(Records for processing Opens)
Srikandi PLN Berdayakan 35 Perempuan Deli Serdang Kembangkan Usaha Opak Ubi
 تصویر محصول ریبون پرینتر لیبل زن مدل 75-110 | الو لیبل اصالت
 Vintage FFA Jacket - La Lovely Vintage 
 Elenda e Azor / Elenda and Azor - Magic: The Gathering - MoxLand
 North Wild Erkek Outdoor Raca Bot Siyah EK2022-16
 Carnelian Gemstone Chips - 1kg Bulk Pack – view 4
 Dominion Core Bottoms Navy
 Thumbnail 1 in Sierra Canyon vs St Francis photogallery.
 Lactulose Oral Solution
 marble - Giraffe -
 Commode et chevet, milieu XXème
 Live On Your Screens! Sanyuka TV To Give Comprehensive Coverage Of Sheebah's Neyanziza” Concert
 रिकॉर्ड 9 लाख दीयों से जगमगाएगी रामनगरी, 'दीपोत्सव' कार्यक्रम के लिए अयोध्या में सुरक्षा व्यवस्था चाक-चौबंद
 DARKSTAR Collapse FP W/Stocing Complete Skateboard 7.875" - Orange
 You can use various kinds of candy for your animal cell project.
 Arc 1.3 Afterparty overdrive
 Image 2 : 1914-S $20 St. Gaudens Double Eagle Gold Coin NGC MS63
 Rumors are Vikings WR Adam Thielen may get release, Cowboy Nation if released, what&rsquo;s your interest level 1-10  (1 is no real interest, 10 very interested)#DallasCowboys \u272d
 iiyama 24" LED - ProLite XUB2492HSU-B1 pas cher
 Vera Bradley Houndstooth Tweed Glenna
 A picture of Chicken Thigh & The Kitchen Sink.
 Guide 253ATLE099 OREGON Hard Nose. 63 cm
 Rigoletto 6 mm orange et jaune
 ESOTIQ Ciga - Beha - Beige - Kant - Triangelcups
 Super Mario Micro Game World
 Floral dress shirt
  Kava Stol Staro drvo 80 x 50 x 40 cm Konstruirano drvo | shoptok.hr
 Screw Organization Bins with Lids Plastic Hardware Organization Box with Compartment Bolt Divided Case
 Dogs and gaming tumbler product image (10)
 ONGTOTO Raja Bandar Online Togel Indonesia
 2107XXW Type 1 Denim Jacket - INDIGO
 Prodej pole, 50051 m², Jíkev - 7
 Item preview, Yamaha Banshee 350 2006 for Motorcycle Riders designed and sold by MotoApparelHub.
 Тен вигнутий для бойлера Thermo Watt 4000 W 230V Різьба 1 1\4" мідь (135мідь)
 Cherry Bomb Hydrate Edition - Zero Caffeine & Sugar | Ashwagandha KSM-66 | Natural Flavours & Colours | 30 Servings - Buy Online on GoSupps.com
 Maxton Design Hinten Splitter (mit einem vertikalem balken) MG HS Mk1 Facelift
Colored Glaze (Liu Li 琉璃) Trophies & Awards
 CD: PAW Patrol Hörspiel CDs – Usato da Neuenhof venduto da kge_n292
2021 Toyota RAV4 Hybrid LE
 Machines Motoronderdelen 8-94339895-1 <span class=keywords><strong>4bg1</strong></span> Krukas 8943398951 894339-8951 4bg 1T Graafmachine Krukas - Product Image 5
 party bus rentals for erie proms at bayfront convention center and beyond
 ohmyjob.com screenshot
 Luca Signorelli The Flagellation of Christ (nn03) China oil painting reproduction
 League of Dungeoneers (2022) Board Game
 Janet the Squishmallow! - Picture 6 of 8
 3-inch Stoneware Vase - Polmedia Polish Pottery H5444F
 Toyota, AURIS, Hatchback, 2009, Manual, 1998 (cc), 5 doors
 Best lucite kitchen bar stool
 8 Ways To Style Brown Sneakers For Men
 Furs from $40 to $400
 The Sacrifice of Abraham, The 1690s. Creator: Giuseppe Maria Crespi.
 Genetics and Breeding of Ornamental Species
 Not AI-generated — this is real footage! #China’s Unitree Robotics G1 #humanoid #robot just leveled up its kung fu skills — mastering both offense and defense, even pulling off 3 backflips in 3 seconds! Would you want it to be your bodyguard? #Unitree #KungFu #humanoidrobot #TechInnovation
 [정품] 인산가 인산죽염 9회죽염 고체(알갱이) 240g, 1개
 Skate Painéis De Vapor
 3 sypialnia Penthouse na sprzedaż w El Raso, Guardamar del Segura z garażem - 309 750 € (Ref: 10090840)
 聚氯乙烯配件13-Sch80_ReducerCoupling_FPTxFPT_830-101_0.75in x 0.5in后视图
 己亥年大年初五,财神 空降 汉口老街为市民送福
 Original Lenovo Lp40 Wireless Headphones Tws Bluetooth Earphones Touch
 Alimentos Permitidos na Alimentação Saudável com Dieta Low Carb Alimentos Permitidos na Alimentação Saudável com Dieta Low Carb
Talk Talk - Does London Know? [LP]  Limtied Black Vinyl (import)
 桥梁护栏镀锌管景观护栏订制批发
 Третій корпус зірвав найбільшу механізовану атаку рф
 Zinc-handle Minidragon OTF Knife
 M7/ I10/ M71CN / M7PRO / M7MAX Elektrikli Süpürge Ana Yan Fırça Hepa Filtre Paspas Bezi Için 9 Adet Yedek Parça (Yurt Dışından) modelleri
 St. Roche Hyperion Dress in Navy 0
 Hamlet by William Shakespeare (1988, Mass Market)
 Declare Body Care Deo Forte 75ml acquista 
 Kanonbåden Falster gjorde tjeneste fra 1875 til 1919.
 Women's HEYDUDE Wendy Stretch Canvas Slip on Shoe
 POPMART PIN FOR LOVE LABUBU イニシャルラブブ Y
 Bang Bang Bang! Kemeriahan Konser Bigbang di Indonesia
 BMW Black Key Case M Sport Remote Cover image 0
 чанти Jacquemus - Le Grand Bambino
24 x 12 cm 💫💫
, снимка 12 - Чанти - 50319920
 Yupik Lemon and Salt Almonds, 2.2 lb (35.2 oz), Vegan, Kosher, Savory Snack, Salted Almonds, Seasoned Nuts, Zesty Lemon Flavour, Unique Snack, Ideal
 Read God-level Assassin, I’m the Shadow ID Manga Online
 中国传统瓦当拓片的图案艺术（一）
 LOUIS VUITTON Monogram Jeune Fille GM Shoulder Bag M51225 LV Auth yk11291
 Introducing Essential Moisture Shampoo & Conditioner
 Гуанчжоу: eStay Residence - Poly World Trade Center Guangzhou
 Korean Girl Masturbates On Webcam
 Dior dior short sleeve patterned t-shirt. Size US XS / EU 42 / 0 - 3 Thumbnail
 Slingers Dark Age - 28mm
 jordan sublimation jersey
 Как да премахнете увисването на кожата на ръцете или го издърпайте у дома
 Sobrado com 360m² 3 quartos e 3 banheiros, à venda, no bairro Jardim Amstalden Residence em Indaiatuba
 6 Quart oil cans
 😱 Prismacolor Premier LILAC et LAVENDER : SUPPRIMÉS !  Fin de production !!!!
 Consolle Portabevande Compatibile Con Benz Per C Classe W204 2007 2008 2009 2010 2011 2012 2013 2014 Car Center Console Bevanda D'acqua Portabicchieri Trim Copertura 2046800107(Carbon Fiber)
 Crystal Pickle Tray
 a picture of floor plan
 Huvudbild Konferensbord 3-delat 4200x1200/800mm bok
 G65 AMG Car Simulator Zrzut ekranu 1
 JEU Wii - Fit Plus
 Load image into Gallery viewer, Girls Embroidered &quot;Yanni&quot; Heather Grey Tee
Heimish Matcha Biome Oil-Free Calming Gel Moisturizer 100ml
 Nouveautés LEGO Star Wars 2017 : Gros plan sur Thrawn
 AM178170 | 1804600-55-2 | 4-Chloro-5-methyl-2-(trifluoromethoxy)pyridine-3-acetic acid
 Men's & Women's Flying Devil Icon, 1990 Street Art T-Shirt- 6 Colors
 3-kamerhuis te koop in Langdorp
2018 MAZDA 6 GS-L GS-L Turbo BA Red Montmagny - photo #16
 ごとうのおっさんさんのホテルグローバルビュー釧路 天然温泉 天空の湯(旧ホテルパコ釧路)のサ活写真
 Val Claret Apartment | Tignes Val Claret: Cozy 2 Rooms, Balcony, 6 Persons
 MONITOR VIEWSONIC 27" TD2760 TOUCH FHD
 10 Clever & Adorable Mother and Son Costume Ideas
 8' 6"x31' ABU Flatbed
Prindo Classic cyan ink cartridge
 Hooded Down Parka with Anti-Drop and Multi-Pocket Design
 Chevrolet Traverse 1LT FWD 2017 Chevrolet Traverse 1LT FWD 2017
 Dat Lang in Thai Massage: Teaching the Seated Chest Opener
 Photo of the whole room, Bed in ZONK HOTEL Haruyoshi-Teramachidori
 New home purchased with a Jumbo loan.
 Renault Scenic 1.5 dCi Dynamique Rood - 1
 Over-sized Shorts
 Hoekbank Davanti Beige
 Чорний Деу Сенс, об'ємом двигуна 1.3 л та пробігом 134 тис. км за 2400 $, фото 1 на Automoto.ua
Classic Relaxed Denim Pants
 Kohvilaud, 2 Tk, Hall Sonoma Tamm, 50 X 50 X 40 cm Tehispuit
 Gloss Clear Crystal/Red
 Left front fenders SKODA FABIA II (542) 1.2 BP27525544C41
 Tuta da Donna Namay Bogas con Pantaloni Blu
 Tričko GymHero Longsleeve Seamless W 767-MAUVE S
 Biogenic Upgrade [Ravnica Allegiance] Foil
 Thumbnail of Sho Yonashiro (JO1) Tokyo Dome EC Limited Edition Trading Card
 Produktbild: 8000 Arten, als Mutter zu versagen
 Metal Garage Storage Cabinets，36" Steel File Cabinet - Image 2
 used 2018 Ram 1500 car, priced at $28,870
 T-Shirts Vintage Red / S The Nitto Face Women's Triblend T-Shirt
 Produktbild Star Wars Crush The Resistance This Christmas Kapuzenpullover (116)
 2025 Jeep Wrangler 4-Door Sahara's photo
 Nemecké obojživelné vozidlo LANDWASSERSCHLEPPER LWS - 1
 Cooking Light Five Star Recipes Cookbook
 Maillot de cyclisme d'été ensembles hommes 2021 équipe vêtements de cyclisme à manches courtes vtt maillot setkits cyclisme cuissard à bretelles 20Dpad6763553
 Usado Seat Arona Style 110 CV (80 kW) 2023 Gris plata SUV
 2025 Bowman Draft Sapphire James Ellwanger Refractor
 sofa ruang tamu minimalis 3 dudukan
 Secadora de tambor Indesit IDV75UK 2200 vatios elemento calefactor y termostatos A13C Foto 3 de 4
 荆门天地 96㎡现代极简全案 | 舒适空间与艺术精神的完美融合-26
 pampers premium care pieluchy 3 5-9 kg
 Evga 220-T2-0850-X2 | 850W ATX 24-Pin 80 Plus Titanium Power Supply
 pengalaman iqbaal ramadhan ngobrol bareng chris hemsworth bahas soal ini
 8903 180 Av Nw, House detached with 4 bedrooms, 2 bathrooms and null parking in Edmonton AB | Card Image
(Records for processing Closes)
◆ What to work on:
Write down exactly the span of lines above from the one containing "Kanonbåden Falster gjorde" to the one containing "24 x 12 cm 💫💫", both ends included.

◆ Answer box:
 Kanonbåden Falster gjorde tjeneste fra 1875 til 1919.
 Women's HEYDUDE Wendy Stretch Canvas Slip on Shoe
 POPMART PIN FOR LOVE LABUBU イニシャルラブブ Y
 Bang Bang Bang! Kemeriahan Konser Bigbang di Indonesia
 BMW Black Key Case M Sport Remote Cover image 0
 чанти Jacquemus - Le Grand Bambino
24 x 12 cm 💫💫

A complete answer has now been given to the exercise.